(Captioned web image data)
►

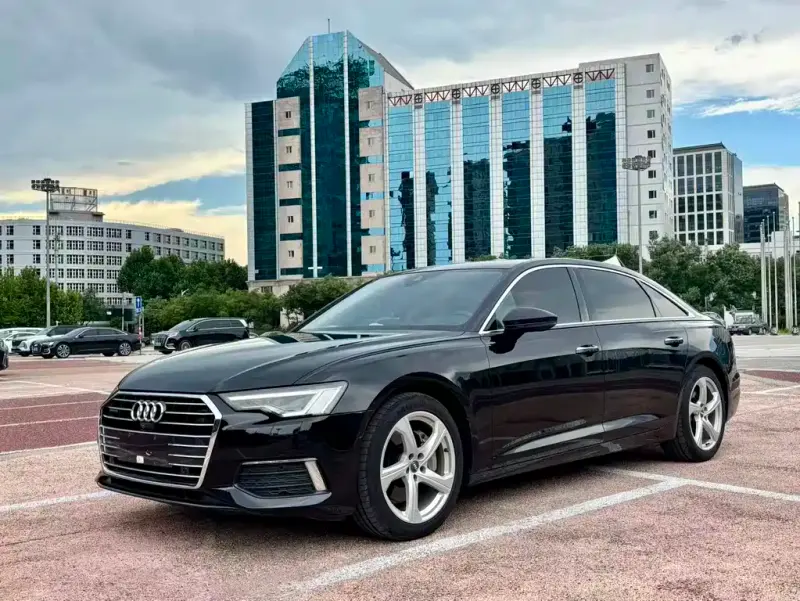 Audi A6L, 2019 — фото 1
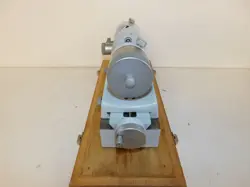 BENCH COMPARATOR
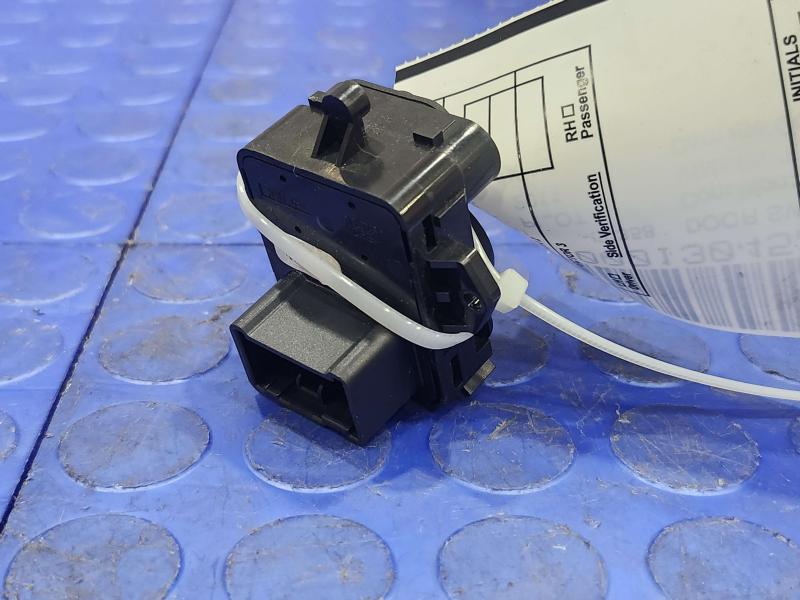 2011 Honda Pilot Door Switch Front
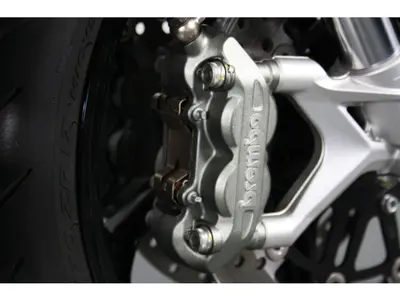 MV AGUSTA BRUTALE 800 – foto 4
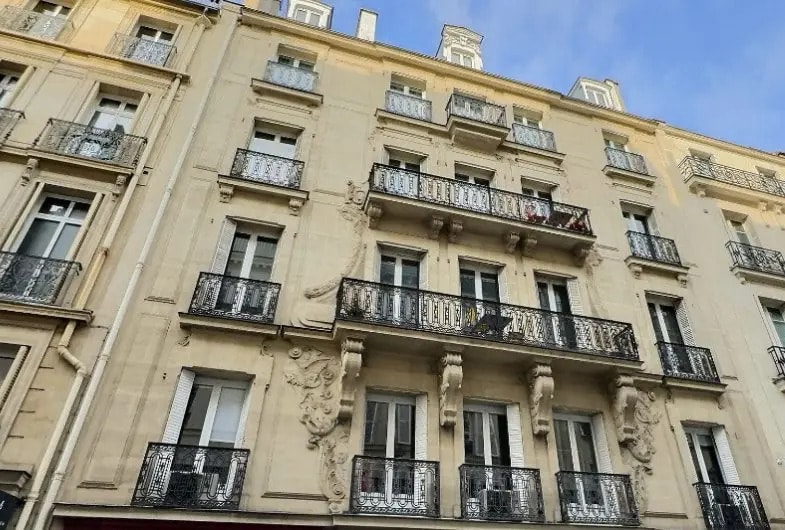 Flex in Paris for lease Building Photo- Image 1 of 9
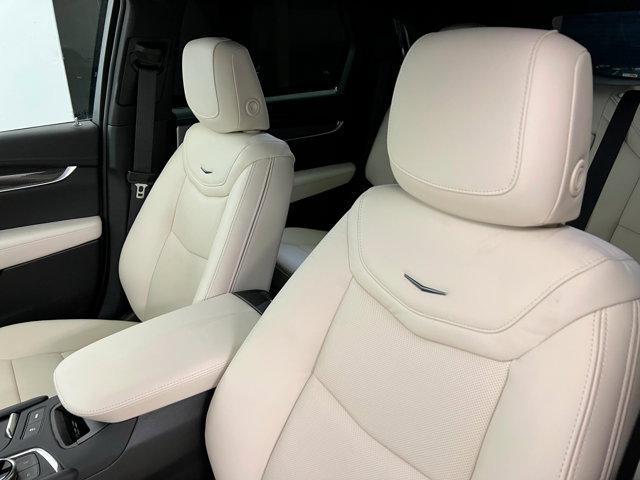 new 2025 Cadillac XT5 car, priced at $65,035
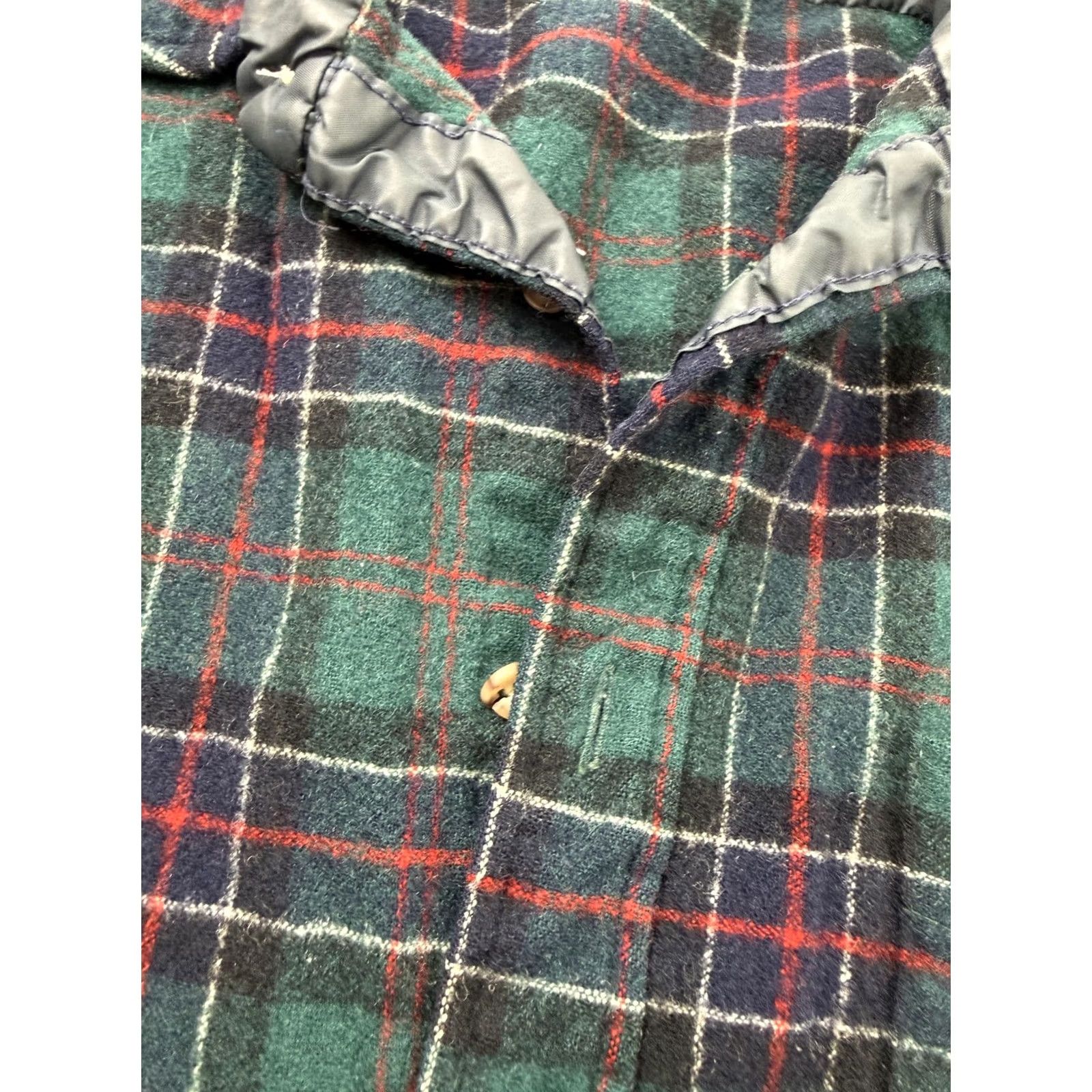 Pendleton VINTAGE Pendleton Shirt Mens Large Green Wool Plaid Quilted Shirt Jac USA 90s Mens Large Green Wool Plaid Quilted Shirt Jacket USA 90s Size US L / EU 52-54 / 3 - 7 Thumbnail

◄

(Work instructions)
An exact transcription is needed, covering the line with "new 2025 Cadillac XT5 car, priced at $65,035" and every line after it to the end of the entries, but not the pictures.

(The completed task)
 new 2025 Cadillac XT5 car, priced at $65,035
 Pendleton VINTAGE Pendleton Shirt Mens Large Green Wool Plaid Quilted Shirt Jac USA 90s Mens Large Green Wool Plaid Quilted Shirt Jacket USA 90s Size US L / EU 52-54 / 3 - 7 Thumbnail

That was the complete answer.